Crônicas da vida urbana
Por Crônicas da vida urbana -
Nostalgia ferroviária
Não, não é mais um catilinária anti-carro. Quem mora numa cidade e ainda não percebeu o peso do carro na queda em direção ao fim do mundo, não vai mudar de opinião por causa de uma crônica...
Trata-se de um tipo de sensação que nenhum outro tipo de transporte proporciona, só o trem. Nem navio, nem avião – e na verdade, nem os bólidos modernos tipo Ítalo-Ferrari, em seus 320 km/hora – proporcionam as sensações dos trens convencionais. Proporcionam outras, evidente, mas boas na medida em que nos levam de um ponto a outro do planeta, o percurso em si fica menos curtível. Sejam as maria-fumaça, diesel ou elétricos – mas o tipo de trem que estendeu redes pelo planeta, em redes menos agressivas que as rodovias.
Com vento favorável, escuto nas madrugadas os apitos das locomotivas cruzando passagens ao nível – e mesmo os ruídos dos seus pesados mecanismos de ferro. E sonho.
Chegar a uma estação ferroviária de madrugada, o entorno ainda meio submerso em neblina, encontrar uma certa quantidade de pessoas que procuram pela mesma passagem – já é coisa antiga.
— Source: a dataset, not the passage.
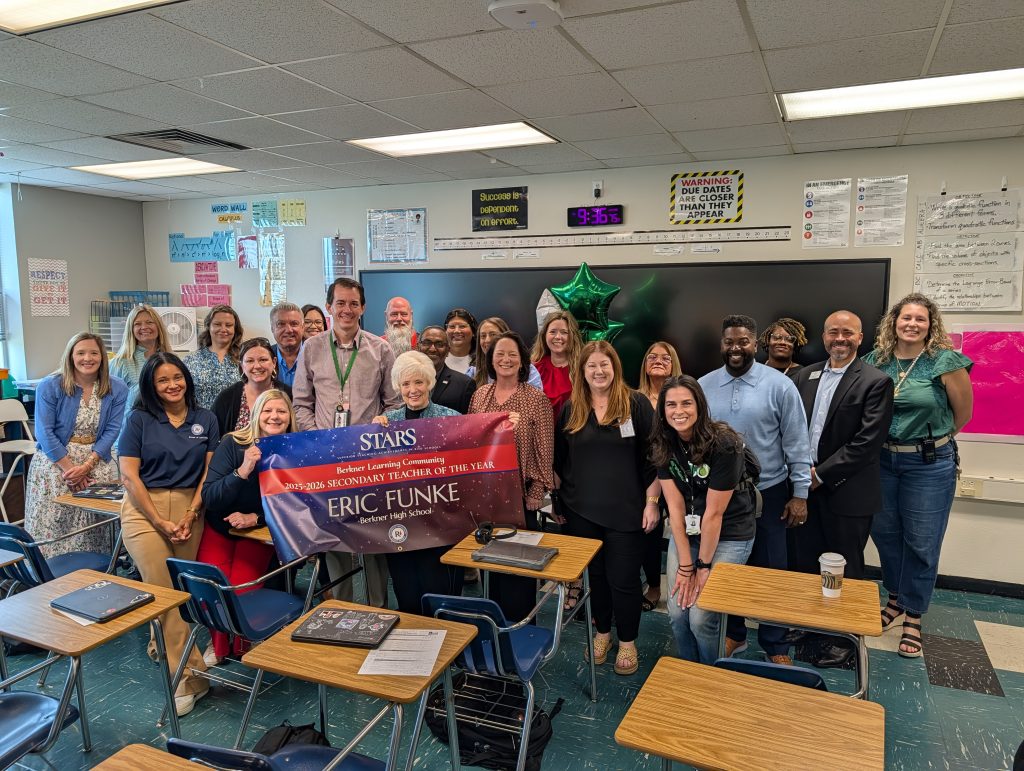 Eric Funke - BHS holding STARS teacher sign, big check, surrounded by prize patrol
Nem ônibus, nem trem, nem avião, hoje se você não chegar à estação com um ticket no bolso, provavelmente volta pra casa sem chance de viajar.
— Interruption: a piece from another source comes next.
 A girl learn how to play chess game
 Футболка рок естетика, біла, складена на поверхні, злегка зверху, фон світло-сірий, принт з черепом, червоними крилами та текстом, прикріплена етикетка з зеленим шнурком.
O trem é uma comunidade se deslocando – na paisagem, rural ou suburbana, as pessoas nos olham das janelas, as vacas nos campos fingem não estar vendo, a própria composição só se percebe, pelas janelas, nas curvas acentuadas. Desde o início da viagem, a sensação de “estar saindo” de algum lugar é intensa: a estação lá parada, depois desaparecendo na distância, sendo substituída por outras construções e paisagens.
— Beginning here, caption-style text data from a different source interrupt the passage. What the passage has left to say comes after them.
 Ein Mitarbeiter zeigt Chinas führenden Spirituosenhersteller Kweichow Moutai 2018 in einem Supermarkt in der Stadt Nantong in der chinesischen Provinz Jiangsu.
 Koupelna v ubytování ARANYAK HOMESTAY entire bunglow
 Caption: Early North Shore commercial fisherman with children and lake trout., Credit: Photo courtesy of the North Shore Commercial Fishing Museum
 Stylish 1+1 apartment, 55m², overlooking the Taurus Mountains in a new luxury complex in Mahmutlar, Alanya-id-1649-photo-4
Aquele – to-toc, to-toc, to-toc que nos trens modernos também desapareceu, reforça a sensação do deslocamento. Nas paradas, a comunidade viajante encontra outra estação, se renova em pessoas que entram e saem, nas janelas vêm – vinham, eu sei – pessoas que oferecem coisas que nos atuais vagões-restaurantes não existem mais: só tem refrigerante e sandubas insípidos.
E chegar ao local que se pretendia, se não for um ponto final, é mais uma estranheza: você fica e a comunidade com a qual viajava continua para outros destinos, te abandonam sozinho na plataforma da estação. O trem continua, aumenta a velocidade, desaparece numa curva, sempre fiel aos trilhos. O grupo dos que ficam se dissolve, sai da estação que esvazia – fica ali aguardando pela próxima chegada, que agitará tudo de novo, um tipo de sístole-diástole à qual assistem, impassíveis, os seres da paisagem: morros, árvores, pedras, os próprios trilhos.
Tudo no silêncio, uma sensação de calma em contraste com os agitos da viagem e da chegada.